Chez Bosch, Laëtitia Chopard a également observé un changement de mentalités dans les ateliers : "Là où, il y a quelque temps, les garagistes avaient tendance à acheter leurs pièces auprès du réseau constructeur pour être sûrs d'avoir la bonne référence, ils s'investissent maintenant dans la formation pour mieux appréhender la technicité des véhicules."

Hotlines dédiées

Pour les accompagner dans cette montée en compétences, de nombreux équipementiers ont développé des services et un support spécifiques. Bosch propose des formations, campagnes de communication et actions commerciales ciblées. Même stratégie chez Delphi, qui a fait de la formation un pilier de son offre, capitalisant notamment sur son programme Masters of Motion.

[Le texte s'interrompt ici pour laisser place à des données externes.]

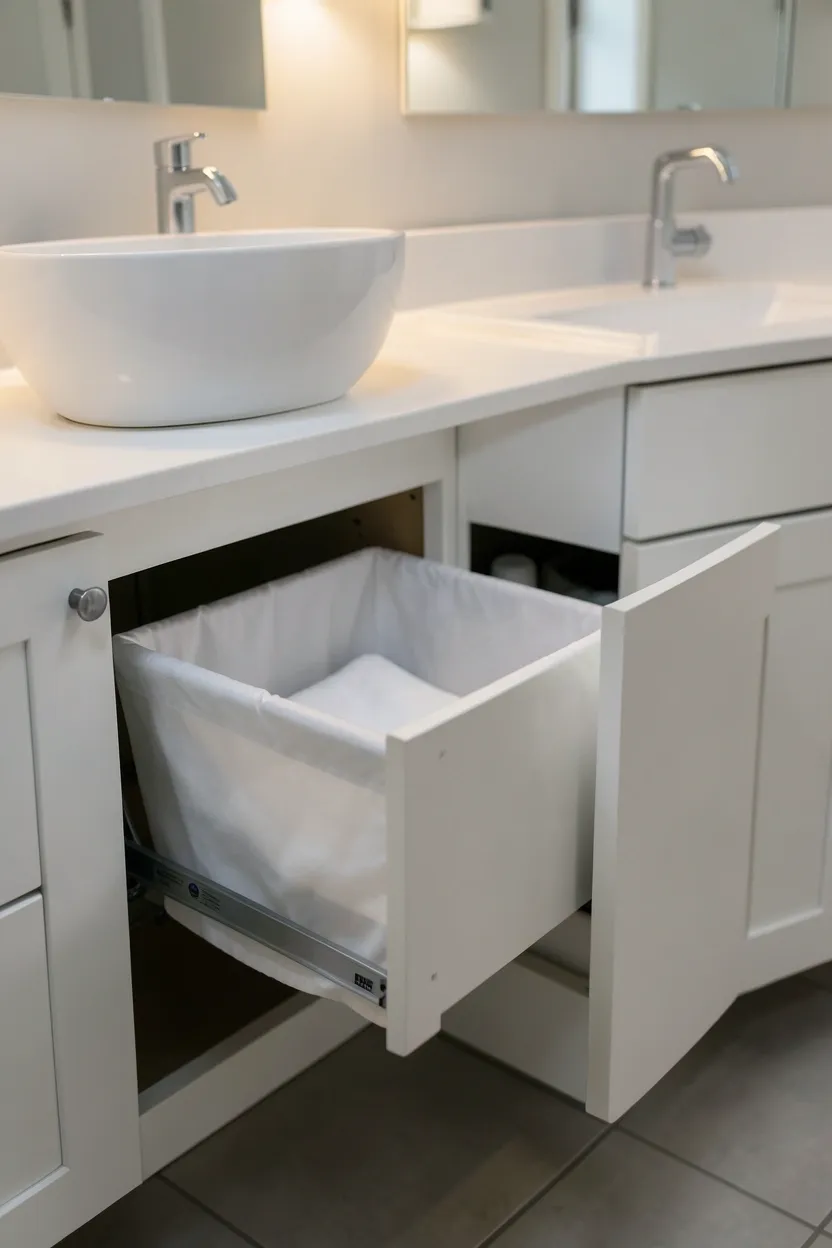 Built-in laundry hamper integrated into bathroom vanity cabinetry keeping floor space clear in a small bathroom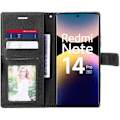 Miniatyrbillede 3 af 6: Coque + 2 Beskyttelsesglas til Xiaomi Redmi Note 14 Pro 5G (ikke til 4G) Anti-Ridser Beskyttelse Syntetisk Læder Sort Svart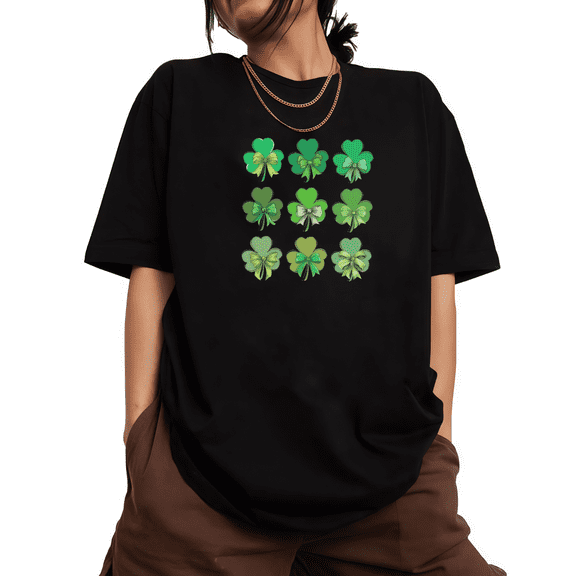 Detailed Design Cotton Print Tshirt St. Patrick's Day Bow Clover Graphic Tees Shirts Social Wear Black S-5XL Tops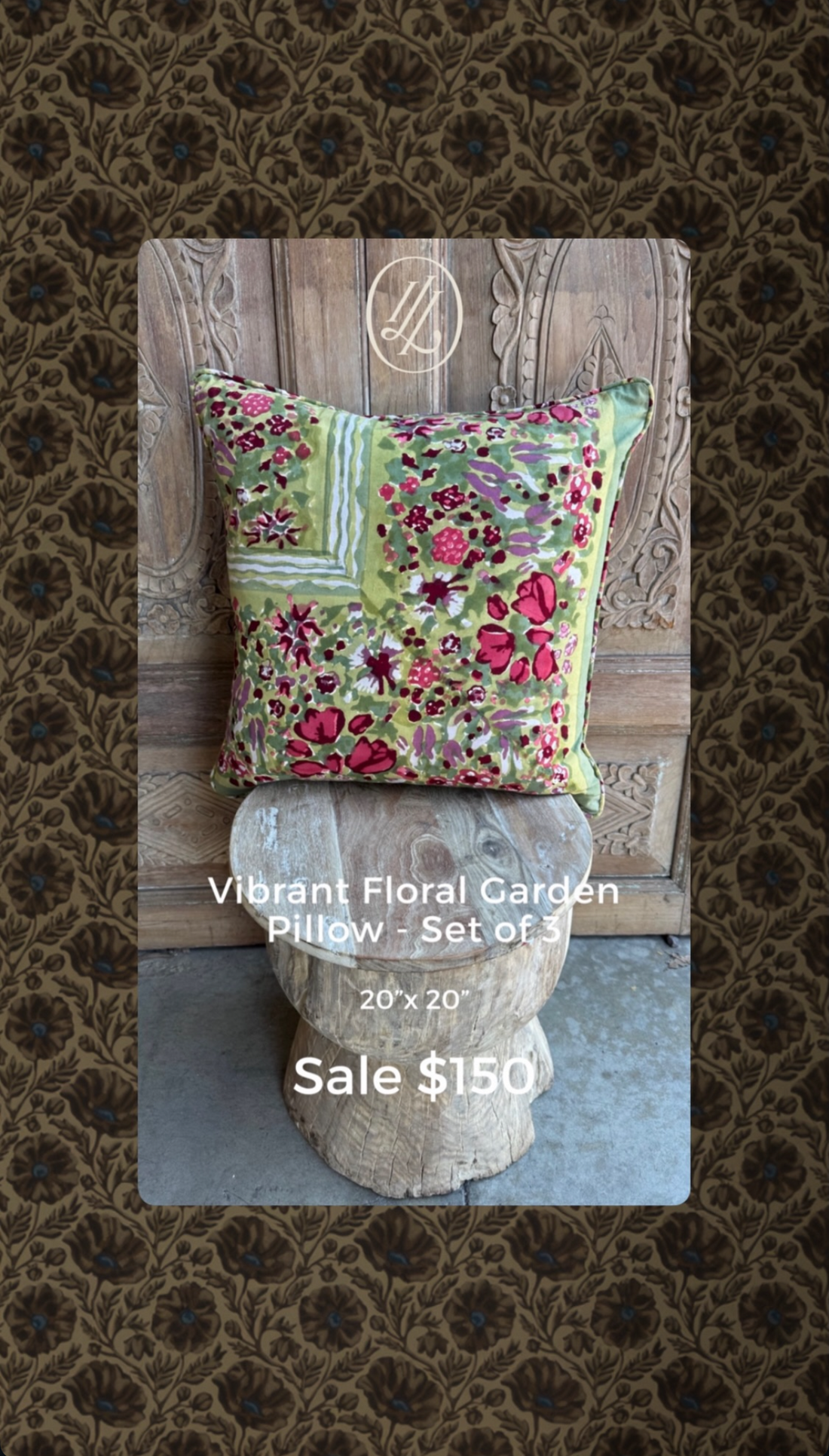 Bright Painted Flower Pillow - Set of 3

Chez les distributeurs, on n'hésite pas non plus à fournir un support adapté pour la vente de ces produits. À l'image d'Alliance Automotive et ses deux hotlines dédiées : l'une consacrée au référencement produits et répondant aux besoins des grossistes, l'autre destinée aux garages.

Cette hotline explose : les produits sont de plus en plus complexes, et les réparateurs veulent faire le moins d'erreurs possibletémoigne Christophe Court.

La pièce technique et les VE devraient faire bon ménage

Si elle représente un marché en plein essor, la pièce technique risque-t-elle toutefois de décliner avec l'électrification du parc roulant ? La question est légitime, puisque de nombreuses gammes de produits devraient disparaître avec la généralisation des véhicules électriques. Mais sur ce sujet, les équipementiers restent confiants, estimant que de nouvelles prestations émergeront avec ces motorisations.

"Le développement des joints de moteurs électriques et de batteries va, à moyen terme, s'accélérer. Ce ne seront pas vraiment des pièces techniques, mais il est bon de noter que de la maintenance sera encore nécessaire sur nos produits avec les véhicules électrifiés", indique le directeur commercial France de Corteco.

Chez les distributeurs, ce travail prospectif a aussi été engagé. AAG commence à préparer la transition énergétique du parc avec le programme Nexdrive, qui comprend une gamme de pièces spécifiques, des formations ciblées pour les techniciens et plusieurs équipements indispensables pour la prise en charge de ces véhicules.

"Aujourd'hui, de plus en plus de pièces pour ces véhicules sont disponibles chez les fournisseurs. Ce qui nous manque, en revanche, c'est l'historique des plans d'entretien. Il est difficile d'identifier les pièces d'usure prévues dans les programmes de maintenance."

Autrement dit, du chemin reste à parcourir avant que l'offre des acteurs de la rechange indépendante s'ajuste à la conversion du parc roulant. Mais pas d'inquiétude chez ces acteurs, qui n'oublient pas que l'inertie de la transition énergétique joue en leur faveur.

"Nous avons encore dix à quinze années pendant lequel le parc thermique devrait rester majoritaire. D'autant que les VE n'arriveront pas dans les ateliers indépendants avant cinq ans. On regarde donc tout ça un peu de loin…", conclut Nicolas Touchant.